After that I went to Scotland. My dad helped build Dreadnought, England’s first nuclear sub. We lived in a small cottage where we ate very much the Scottish traditions of sausage and soda farls and all these other delicacies. But my greatest food memory, certainly from that era, was when my dad was doing torpedo trials. We lived with a Scottish lady who would always give us venison and that was my first taste of venison. I suspect it was poached because a man came to the door with a brown paper parcel under each arm and I think a sixpence or a shilling, passed between them. And my father asked the lady after a while, what was in the other parcel. She eventually admitted it was salmon and when my father asked if we could have some she said, “Commander, fish is not fit food for man.” And that shocked me because we’d always regarded fish as absolutely acceptable. When I was about 10 she gave me a shotgun. This was at an age when I wasn’t even allowed an air rifle by my parents. She told me to go and hunt for rabbit up the glen at the back. And I just thought I was in heaven. She was a widow woman and she thought it was a man’s job to bring home the rabbit for the pot.

I remember good food on board ship, I had my first fillet of beef carved at a function. And although forces cooking has always got the billycan reputation, the officer’s mess was pretty damn good. It was the era of sherry and canasta. I remember the sea being frozen over and the postmen bringing the mail over on a sledge, those were very innocent days of growing up.

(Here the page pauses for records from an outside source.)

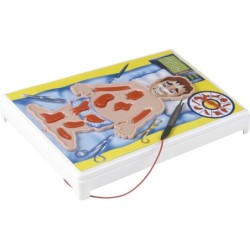 Juego de Mesa Habilidad Doctor de Urgencias Con Sonidos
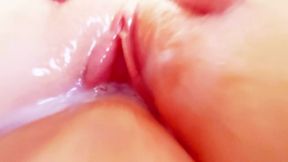Creampie Sex with a CAMERA ON A DICK!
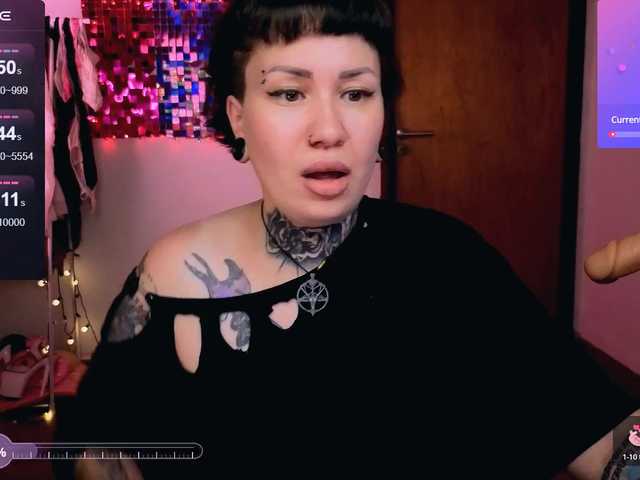 SenoritaDakota's BongaCams show and profile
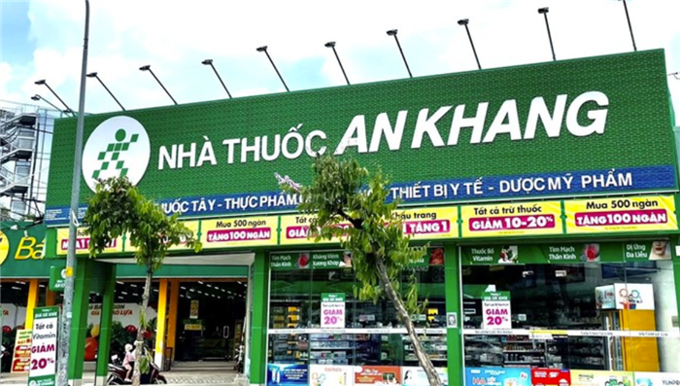 MWG tái cấu trúc: Sắp xếp lại sở hữu mảng điện máy, dược phẩm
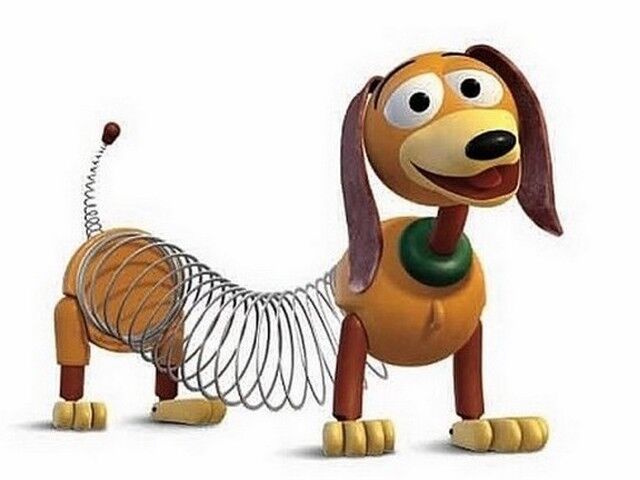 Slinky Dog Scratchpad Fandom - hula dog roblox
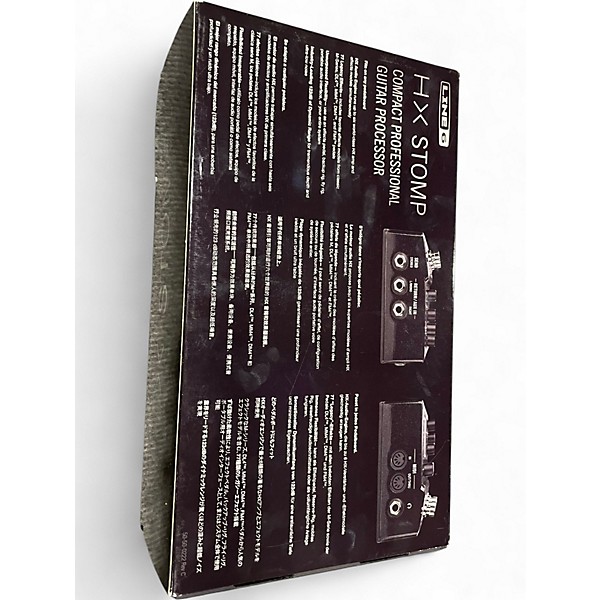 Used Line 6 HX Stomp Effect Processor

And then it was boarding school in Wiltshire. I belonged with the crowd that had a good time and partied, and I was actually expelled from there. I was never academically brilliant, I scraped by. In the ‘50s, I remember my father went to Trinidad on a trip and he sent us back a crate of fresh grapefruit, which I’d never had. I think it was one of my earlier taste epiphanies, a fresh grapefruit. And he brought back Calypso music and a whole waft of exotica, and suddenly at the parties, there was still sherry, but also cocktails. Suddenly there was limbo dancing – my mother’s friends in slacks and beehive hairstyles doing limbo.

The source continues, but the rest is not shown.